Following the 1997 East Asian financial crises, Mexican, Russian and post-US ‘dotcom bubble’ bust, the Fed eased monetary policy too much for too long during the ‘Great Moderation’.
CBs enabled credit expansion in the 2000s, culminating in the GFC. More worryingly, the “near-consensus view” is that independent CBs have failed to achieve – let alone protect – financial stability.
Easy credit and rising stock and housing markets have involved rapid credit and loan growth worsening asset price bubbles. Regulatory oversight became increasingly lax as investors ‘chased yield’. Leverage grew, using dodgy ‘derivative’ products, making proper risk assessment difficult.
Guy Debelle, once Deputy Governor of Australia’s CB, noted, “The goal of financial stability has generally been left vague”. Hence, CBs failed to see significant build-up of financial instability”. Soon after, the Lehman Brothers’ collapse precipitated the GFC.
QE magic from bubble to bust
Governments withdrew fiscal ‘stimuli’ too soon. So, major CBs aggressively pursued ‘unconventional monetary policies’, especially ‘quantitative easing’, to keep economies afloat.
Extraordinary monetary expansion provided vital liquidity, but poor coordination also fuelled asset price bubbles. Thus, unviable enterprises survived, undermining productivity growth.
With less investment in the real economy, supply capacity is falling behind still growing demand. Pandemic, war and sanctions have also disrupted supplies.
Raising interest rates, CBs now race to reverse earlier monetary expansion. Credit contractions are squeezing economies, hitting poorer countries especially hard.
Reviewing historical data, the author of the ‘Taylor rule’ – whom many CBs profess to follow – concluded, “The classic explanation of financial crises, going back hundreds of years, is that they are caused by excesses – frequently monetary excesses – which lead to a boom and an inevitable bust”.
Independence for what?
CB independence (CBI) advocates often claim low inflation during the Great Moderation was due to CB credibility.

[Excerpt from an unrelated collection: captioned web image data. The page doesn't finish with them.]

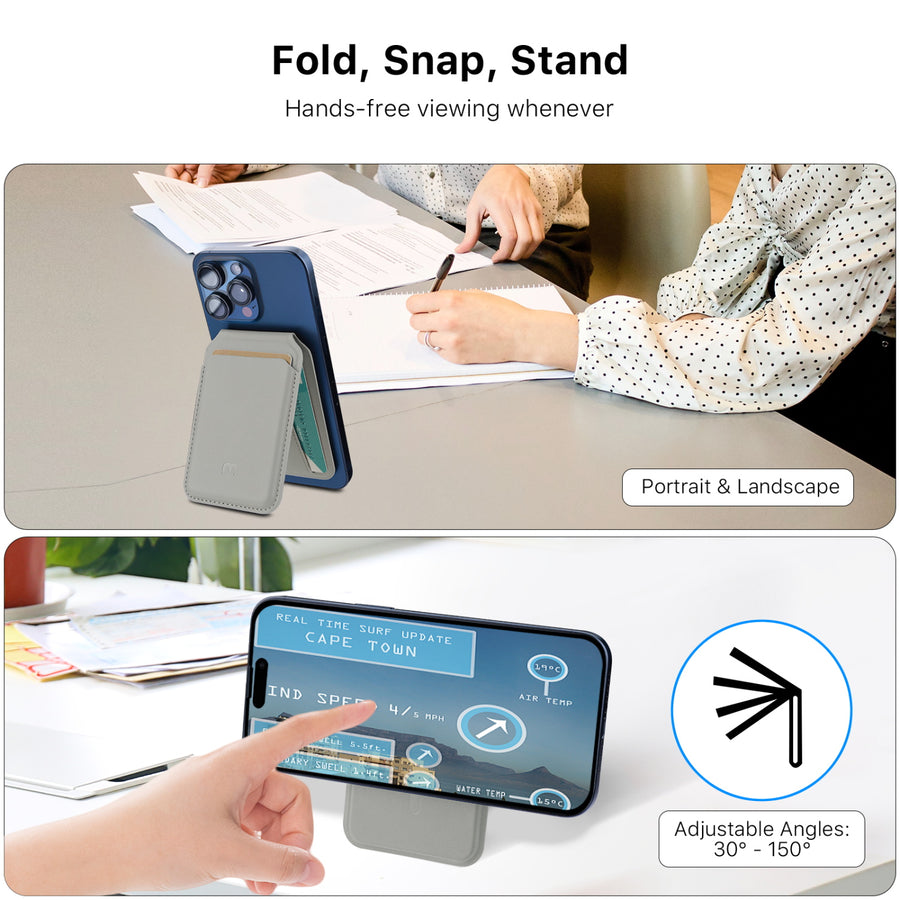 RCARDPOUCH413-4.jpg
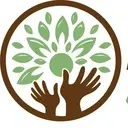 Logo of PEOPLE LIVING IN RECOVERY INC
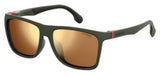 Carrera 5049 Sunglasses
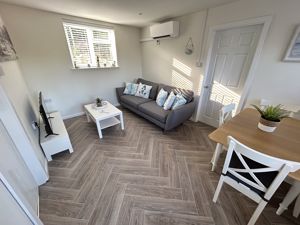 Photo 36- click for photo gallery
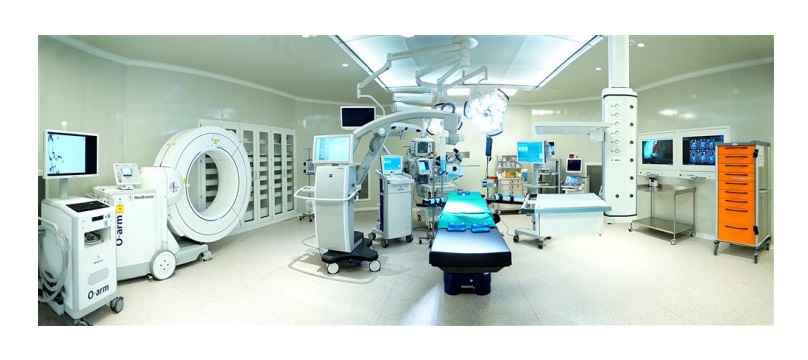 neurosurgery-surgery-navigation-software6-12bto.jpg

But inflation in most countries declined from the mid-1990s, with or without CBI.
The alleged causation has been much exaggerated, and is certainly not as strong as argued. Claiming CBI ensures low inflation also denies other relevant variables, e.g., labour market casualization and globalization.
Debelle observed, “How much [low inflation] can be attributable to central bank independence or the inflation target is difficult to disentangle …[Favourable] assessment mostly relies on assertion, rather than empirical proof”.
Milton Friedman argued crisis responses involve inherently political decisions, best not left to the unelected. A modern CB’s “responsibilities overlap with other government functions”. So, CBs must be subject to political authority while maintaining operational independence.
CBI fetishism has also allowed central bankers to ignore distributional consequences of monetary policies. This has often enabled financial asset owners, speculators and creditors. CBI has also meant neglecting development responsibilities.
Emphasizing CBI also implies “a very narrow view of central bank functions”. This has made economies more prone to financial instability and crisis. Clearly, CBI is no harmless ‘elixir’ ensuring low inflation.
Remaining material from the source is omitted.